Yeah. And that's fascinating. I mean, that experience is really a social, emotional, spiritual type of thing, isn't it? It's kind of like pain. Only the person can tell you when it's there and it's that experience. And it's also dependent on past experiences and training and education and this type of thing. And those are all different. Those are all unique in many ways. So the experience of care, that effect that occurs into the person down to their soul, if you will, it sounds like is the key to the definition. And you have to listen to the patient and hear what that is rather than just judging the experience from your perspective, which wouldn't be at all the same. Is that right?

Dr. Audrey Stillerman:

No, that's exactly right. And I think the other piece of it too is that we can invite whoever it is that we're talking to to share with us, but we can't expect or demand that they disclose whatever until they're ready. So this is really about offering an opportunity and then waiting and allowing the person to really pace their sharing with us or not to share at all.

I think this is a very difficult concept for us because we're used to asking questions, particularly as doctors, asking questions and getting answers when we want them. But there's a few reasons why that may not be the best strategy. One is that the person may not be ready to share whatever it is we're asking, and so we may actually injure them to some degree if they're telling us something that they're not ready for.

The other thing that we were talking about this a little bit earlier is they might not remember. If this event happened when they were too young to really have declarative language or it was so horrific that they're kind of natural, innate, inborn powers of dissociation occurred. They're not going to have explicit memory of that event. And the other piece of this is that it's very important for us to allow people to have agency in their own care so that we really can spark those innate powers of healing as well.

Dr. Wayne Jonas:

Yeah. So somehow the absorption of it has occurred. It's occurred deeply, very often. It depends on them. Their ability to recover also depends on them and whether they can accept and acknowledge this. Again, we can't force them to do that. What you're saying is that we could actually cause harm or damage if we didn't actually work with them on helping them to develop their recovery process. Do they need to re-experience or somehow acknowledge or reengage with the trauma in order to heal from it?

Dr. Audrey Stillerman:

Probably at some point.
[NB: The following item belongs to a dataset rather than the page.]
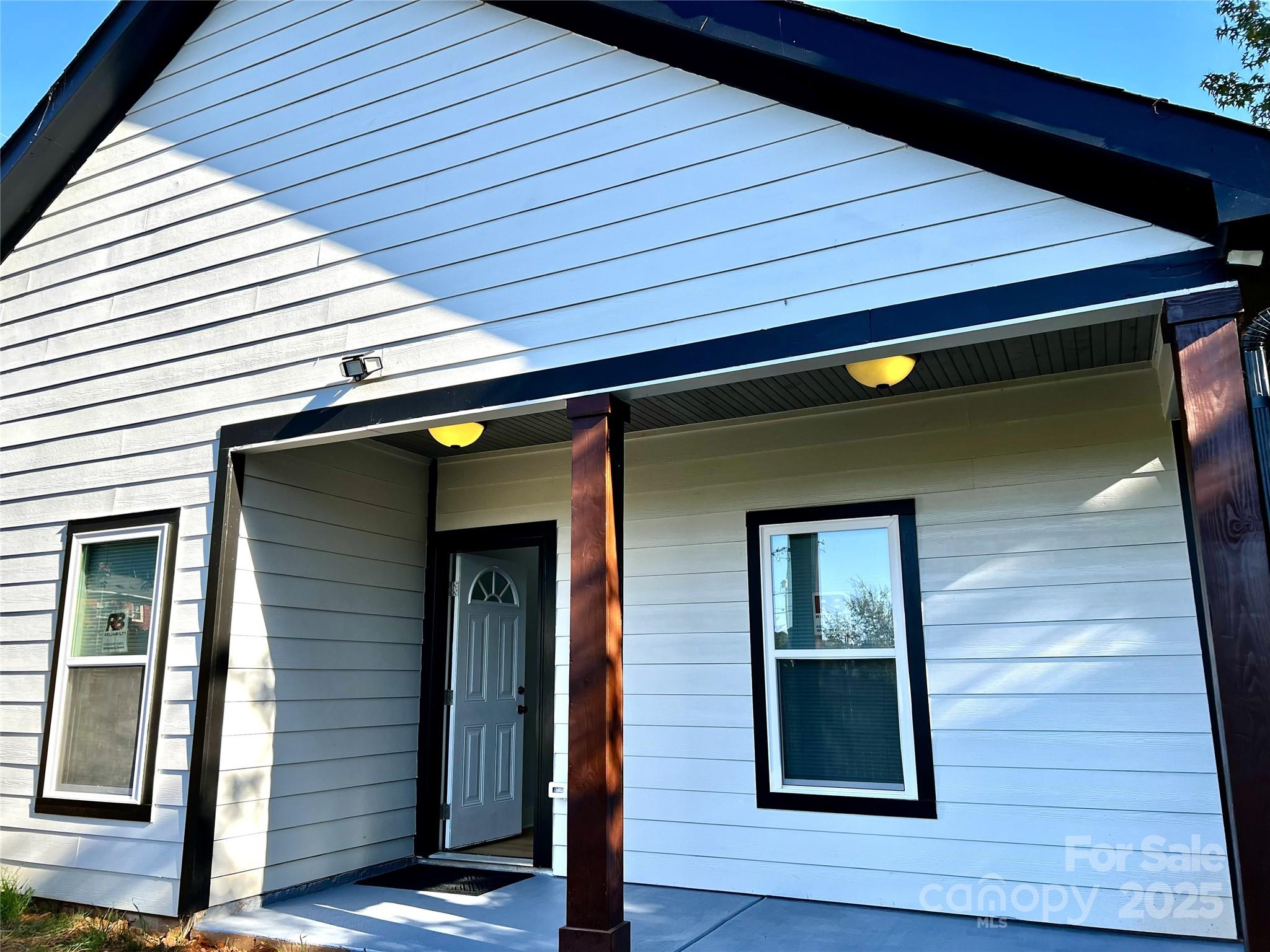 502 S Skyland Drive Property Photo 4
But there's a lot of things that can happen and need to happen before that. Often people who have experienced trauma and not had enough sort of protective buffering experiences to really help their nervous system kind of have the capacity to manage whatever it is. And of course there are things that none of us, an earthquake, a war, those are things that are sort of beyond anyone's capacity. But we can begin to help to settle down their nervous system, their stress response system, their whole physiology through a series of things that sound a lot like sort of the golden rules or the things we talk about in integrative medicine.

But it is a daily routine, making sure that we get enough sleep, engaging in positive relationships, moving our bodies, having something that's meaningful to us, eating nutritious food as opposed to stuff that comes in packages that gets called food. But all of those things actually are part of the multi-layered solutions. And then there's activities too, walking, singing, drawing, dancing, things that have rhythmic and repetitive qualities that are sort of accepted by our cultures, easy to access. Again, these are very individual. I might like walking, you might like drawing, but having these kinds of things as part of our regular day in and day out are the things that start to help people settle down a little bit so then they can engage in a therapeutic relationship and any number of things that modalities that might be healing.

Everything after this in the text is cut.